When too little outdoor air enters a home, pollutants can become more concentrated and get to levels that can pose health and comfort problems.

Modern homes can be built “tight” and might not allow enough fresh air in and stale air out of the house to properly control the levels of indoor air pollution.  And leaky, drafty homes can allow too much outdoor air into the home, pushing out conditioned air and bringing in not only unwanted hot air (in summer) or cold air (in winter), but also allergens, dust, and humidity. Generally, a tighter home with proper mechanical ventilation will be most effective in reducing indoor air pollution.  Just remember: "seal tight, and ventilate right."

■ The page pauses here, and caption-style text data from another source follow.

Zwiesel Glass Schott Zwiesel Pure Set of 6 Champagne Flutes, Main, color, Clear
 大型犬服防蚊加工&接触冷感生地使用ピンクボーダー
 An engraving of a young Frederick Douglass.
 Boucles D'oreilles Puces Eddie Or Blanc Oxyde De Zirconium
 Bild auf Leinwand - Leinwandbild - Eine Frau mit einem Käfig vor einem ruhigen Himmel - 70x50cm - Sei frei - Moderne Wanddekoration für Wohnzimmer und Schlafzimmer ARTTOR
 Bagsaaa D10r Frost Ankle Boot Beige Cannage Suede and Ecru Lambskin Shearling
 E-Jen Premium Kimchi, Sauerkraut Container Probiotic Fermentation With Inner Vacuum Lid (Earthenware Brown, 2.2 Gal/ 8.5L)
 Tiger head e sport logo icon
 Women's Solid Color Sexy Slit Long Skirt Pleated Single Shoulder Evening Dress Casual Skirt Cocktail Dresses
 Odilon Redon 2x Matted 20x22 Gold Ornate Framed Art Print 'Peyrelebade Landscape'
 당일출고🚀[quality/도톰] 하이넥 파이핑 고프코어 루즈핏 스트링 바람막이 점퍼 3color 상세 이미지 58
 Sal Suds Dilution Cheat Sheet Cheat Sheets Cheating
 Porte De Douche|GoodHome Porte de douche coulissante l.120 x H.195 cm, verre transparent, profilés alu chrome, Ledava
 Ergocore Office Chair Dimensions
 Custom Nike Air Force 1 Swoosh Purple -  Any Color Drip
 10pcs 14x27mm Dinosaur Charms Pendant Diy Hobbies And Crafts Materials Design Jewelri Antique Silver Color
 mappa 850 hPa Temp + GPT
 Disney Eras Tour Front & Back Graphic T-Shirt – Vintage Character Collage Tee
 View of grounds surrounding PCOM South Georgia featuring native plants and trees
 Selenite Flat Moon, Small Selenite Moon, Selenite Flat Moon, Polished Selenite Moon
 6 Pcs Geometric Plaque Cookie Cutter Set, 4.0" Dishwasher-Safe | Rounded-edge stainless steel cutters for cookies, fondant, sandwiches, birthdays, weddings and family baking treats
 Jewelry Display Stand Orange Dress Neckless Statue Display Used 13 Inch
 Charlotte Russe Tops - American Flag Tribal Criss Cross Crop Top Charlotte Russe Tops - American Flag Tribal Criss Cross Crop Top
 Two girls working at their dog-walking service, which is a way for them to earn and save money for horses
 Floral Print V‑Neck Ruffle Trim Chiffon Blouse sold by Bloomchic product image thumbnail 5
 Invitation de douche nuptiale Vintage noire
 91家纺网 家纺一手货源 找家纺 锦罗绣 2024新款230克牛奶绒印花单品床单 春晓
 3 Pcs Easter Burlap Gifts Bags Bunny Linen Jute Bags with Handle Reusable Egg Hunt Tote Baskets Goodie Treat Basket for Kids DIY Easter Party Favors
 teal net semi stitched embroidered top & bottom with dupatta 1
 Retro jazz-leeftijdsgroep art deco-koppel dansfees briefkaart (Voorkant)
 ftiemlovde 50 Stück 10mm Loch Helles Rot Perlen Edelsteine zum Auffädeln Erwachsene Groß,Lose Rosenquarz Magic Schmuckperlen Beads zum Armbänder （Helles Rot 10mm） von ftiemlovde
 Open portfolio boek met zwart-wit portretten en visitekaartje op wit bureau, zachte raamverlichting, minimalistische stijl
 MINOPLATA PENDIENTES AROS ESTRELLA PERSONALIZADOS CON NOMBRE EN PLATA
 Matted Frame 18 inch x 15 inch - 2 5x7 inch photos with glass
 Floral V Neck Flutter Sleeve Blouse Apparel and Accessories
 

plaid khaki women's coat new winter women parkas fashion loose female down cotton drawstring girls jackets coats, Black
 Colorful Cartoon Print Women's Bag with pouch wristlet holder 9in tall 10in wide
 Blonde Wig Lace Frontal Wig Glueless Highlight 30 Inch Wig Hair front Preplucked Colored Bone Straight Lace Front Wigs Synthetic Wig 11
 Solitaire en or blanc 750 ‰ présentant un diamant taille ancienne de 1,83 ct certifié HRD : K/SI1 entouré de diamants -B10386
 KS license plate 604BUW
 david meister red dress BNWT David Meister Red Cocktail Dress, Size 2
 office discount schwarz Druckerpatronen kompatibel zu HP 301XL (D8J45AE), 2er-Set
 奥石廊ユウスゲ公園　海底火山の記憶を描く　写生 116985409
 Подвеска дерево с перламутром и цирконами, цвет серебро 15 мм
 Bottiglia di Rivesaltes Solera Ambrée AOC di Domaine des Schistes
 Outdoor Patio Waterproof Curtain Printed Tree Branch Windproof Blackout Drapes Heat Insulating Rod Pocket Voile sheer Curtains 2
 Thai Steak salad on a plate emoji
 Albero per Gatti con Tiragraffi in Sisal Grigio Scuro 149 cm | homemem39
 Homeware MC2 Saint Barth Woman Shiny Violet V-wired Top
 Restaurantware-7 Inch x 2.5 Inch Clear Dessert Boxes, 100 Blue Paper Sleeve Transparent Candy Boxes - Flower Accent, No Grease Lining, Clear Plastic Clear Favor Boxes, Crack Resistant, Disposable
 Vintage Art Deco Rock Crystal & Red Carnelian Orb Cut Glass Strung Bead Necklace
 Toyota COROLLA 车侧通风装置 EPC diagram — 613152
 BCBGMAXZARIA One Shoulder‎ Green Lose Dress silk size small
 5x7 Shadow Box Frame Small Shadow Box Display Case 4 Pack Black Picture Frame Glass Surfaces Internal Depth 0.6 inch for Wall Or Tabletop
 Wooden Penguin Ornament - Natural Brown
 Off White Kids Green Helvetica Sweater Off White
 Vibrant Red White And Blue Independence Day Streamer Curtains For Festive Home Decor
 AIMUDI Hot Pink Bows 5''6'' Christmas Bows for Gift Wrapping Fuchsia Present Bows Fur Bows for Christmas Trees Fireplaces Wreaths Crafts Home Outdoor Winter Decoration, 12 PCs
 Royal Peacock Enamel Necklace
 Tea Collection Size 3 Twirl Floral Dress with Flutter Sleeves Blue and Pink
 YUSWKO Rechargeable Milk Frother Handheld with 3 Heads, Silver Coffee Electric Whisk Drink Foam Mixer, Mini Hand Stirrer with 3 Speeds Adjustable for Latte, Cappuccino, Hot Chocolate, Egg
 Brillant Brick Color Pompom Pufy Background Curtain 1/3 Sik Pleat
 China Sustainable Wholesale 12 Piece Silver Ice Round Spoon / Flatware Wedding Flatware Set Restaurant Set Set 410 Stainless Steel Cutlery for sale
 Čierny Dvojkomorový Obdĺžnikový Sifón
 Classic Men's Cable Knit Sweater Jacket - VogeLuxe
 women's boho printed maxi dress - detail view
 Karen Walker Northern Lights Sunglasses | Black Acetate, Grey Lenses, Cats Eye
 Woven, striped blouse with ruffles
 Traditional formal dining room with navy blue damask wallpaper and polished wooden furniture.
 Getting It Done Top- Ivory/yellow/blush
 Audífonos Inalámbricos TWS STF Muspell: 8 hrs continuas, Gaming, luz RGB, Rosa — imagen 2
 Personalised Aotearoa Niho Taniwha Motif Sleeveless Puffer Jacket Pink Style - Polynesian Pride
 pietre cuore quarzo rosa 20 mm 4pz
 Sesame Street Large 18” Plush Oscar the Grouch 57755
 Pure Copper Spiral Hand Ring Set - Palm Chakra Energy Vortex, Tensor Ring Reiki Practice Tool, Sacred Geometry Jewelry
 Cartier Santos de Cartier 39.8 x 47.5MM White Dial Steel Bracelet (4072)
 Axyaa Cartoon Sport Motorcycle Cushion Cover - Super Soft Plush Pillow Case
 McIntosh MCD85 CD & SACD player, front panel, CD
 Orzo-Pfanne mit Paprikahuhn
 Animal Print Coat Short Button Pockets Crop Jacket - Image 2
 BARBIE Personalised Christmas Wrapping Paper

The EPA recommends a rate of .35 ACH (natural air changes per hour — that is, just over 1/3 of the air in your home being replaced every hour; or 3 hours for a full air change) for healthy indoor air quality. The average home has a much higher rate of natural air infiltration than this. Ventilation standards like ASHRAE 62.2 are largely designed for newer, energy efficient buildings that have very little air leakage. However, after significant air sealing efforts, an older, leakier home may be sealed tight enough to require mechanical ventilation.  This is great because you, the homeowner, will now have control over your indoor environment. 

New homes may have indoor air quality issues also, especially if the builder does not take this into consideration. Does your home ever feel stuffy? Have you noticed condensation on windows or mold/mildew anywhere in the home?  Does anyone in your family have asthma or other respiratory issues?  You may have a very tight new house with little fresh air exchange.

Solutions to your home's ventilation problems are usually as simple as installing a bathroom fan, air sealing, and/or installing an energy recovery ventilator. The best thing you can do as a homeowner to ensure that your home is as energy efficient and as healthy as possible is to have Orange Energy help you prioritize the various investments that can be made to improve your home. And remember our simple mantra: "seal tight, and ventilate right."